The two-storey former embassy building, known as the “Den of Spies” in Iran on account of alleged plots conceived there, stands as a memorial to bygone US influence.
Its outside walls are covered with anti-American slogans and the compound is controlled by the Revolutionary Guards who underpin the clerical regime that has been in power in Iran since the overthrow of the US-backed Shah in 1979.
Tuesday’s demonstration coincided with Ashura, the commemoration of the killing of Imam Hussein in 680 AD, now one of the holiest days in Shiite Islam, Iran’s predominant faith.
‘THE BIG DEVIL’
As rain poured down, some protesters drew a parallel with modern times, suggesting Iran’s nuclear activities were symbolic of Hussein’s resistance to the powerful Caliph Yazid, whose army eventually killed the imam.
“The big devil will never change its position,” said Gholam Reza, 50, pointing at a giant mock-up poster on the road next to the embassy depicting US President Barack Obama as the caliph firing Israeli missiles at children in Gaza.
“We would like to have a nuclear deal, but not one that treads on our red lines,” said Reza, commander of a unit in the Basij paramilitary volunteer force established by Ayatollah Ruhollah Khomeini after the revolution.
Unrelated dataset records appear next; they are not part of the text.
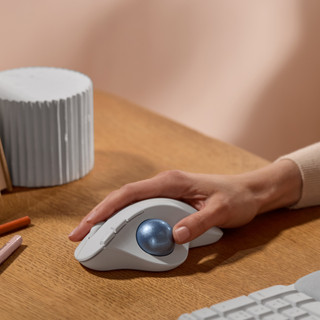 Logitech ERGO M575S Wireless Trackball Mouse White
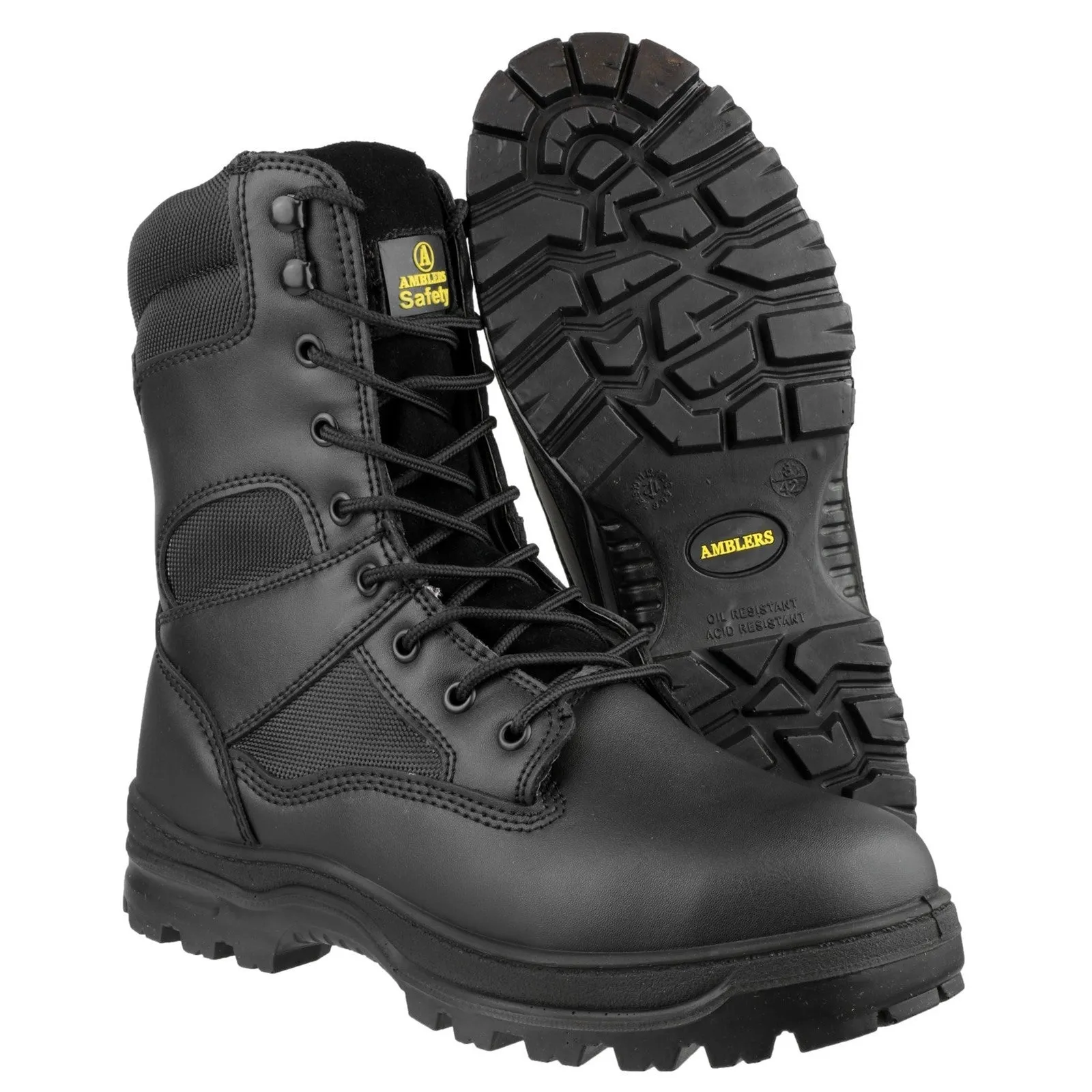 FS008 Water Resistant Hi leg Lace Up Safety Boot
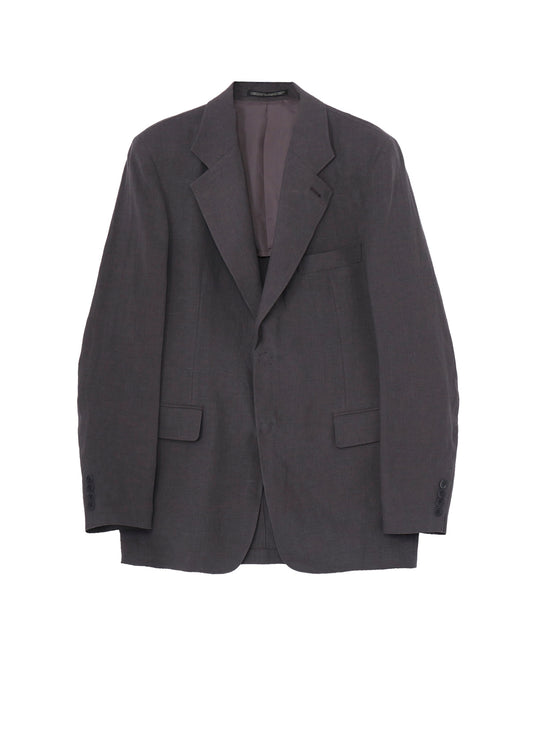 LINEN CLOTH FRONT EDGE 2SNAP BOTTON JACKET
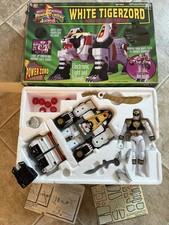 Mighty Morphin Power Rangers White Tigerzord Bandai Mmpr Dx Deluxe W Box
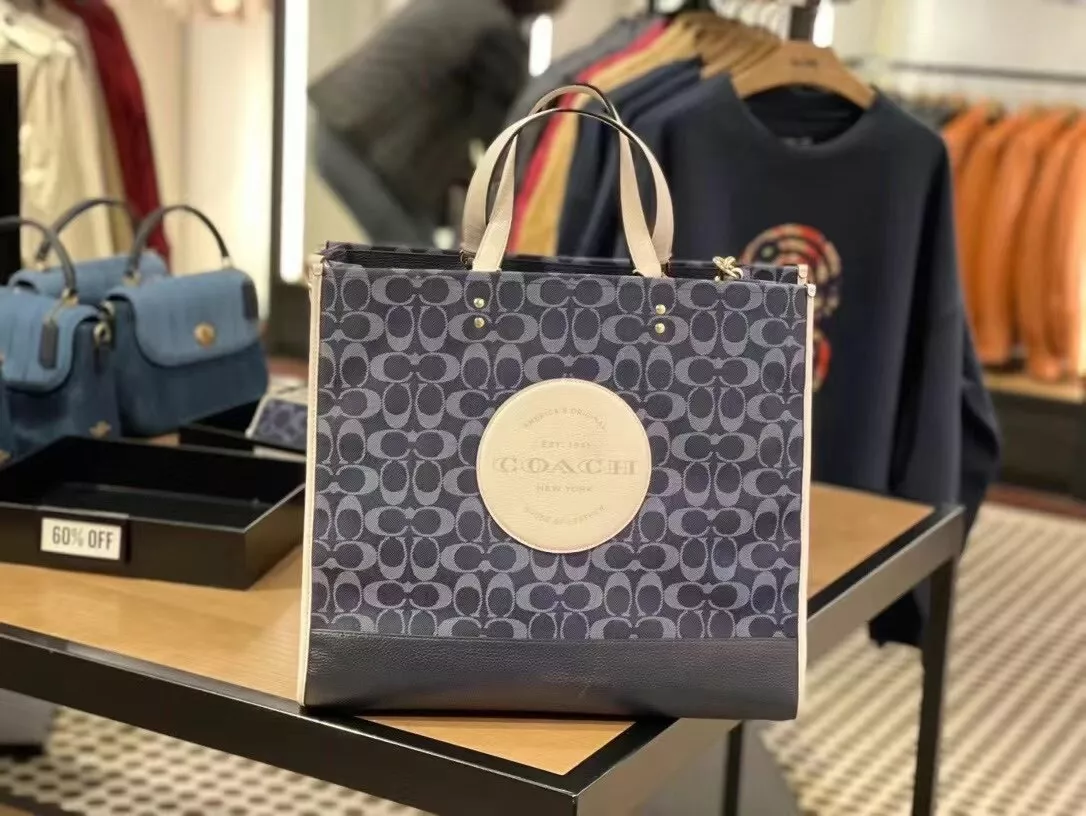 Coach Dempsey 40 Tote Bag - Denim Multi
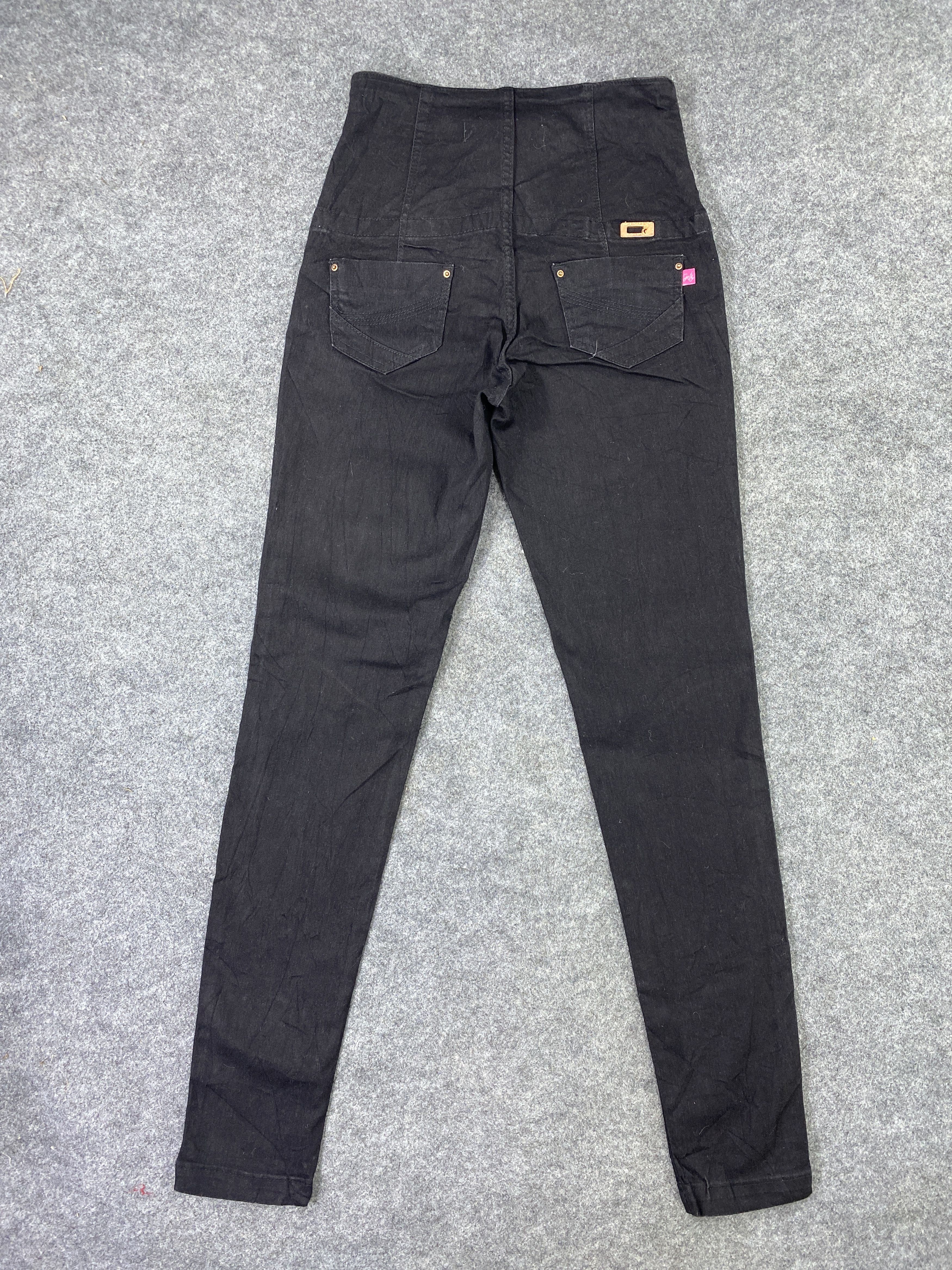 Jean Gata Black Denim - J1017 Size 26" / US 2 / IT 38 - 3 Thumbnail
After readings from the Koran to mark Ashura, American, British and Israeli flags were soaked in fuel and set on fire, turning them into ashes in less than a minute while men, women and a few children looked on.
The demonstration highlighted the gulf that remains between Iran’s conservative hardliners and the moderate government of President Hassan Rouhani, who last year chose to re-open talks with the West.
“We are not the sort of people who will compromise,” said Zahra Darvish, surrounded by other women wearing traditional head-to-toe black chadors and separated from men at the protest.
“Imam Hussein did not compromise. Right now, the Yazid of the time is the United States,” she said, referring again to the loathed caliph.
Her friend Azar Amini, then aged 24, was outside the embassy when it was overrun in 1979.
A teacher since, she spoke darkly of a potential war with the United States — the chances of which have receded but not disappeared since Rouhani won power and reopened the nuclear talks.
“We don’t want a war, but if the United States goes to war with us I will go to war with my four sons.”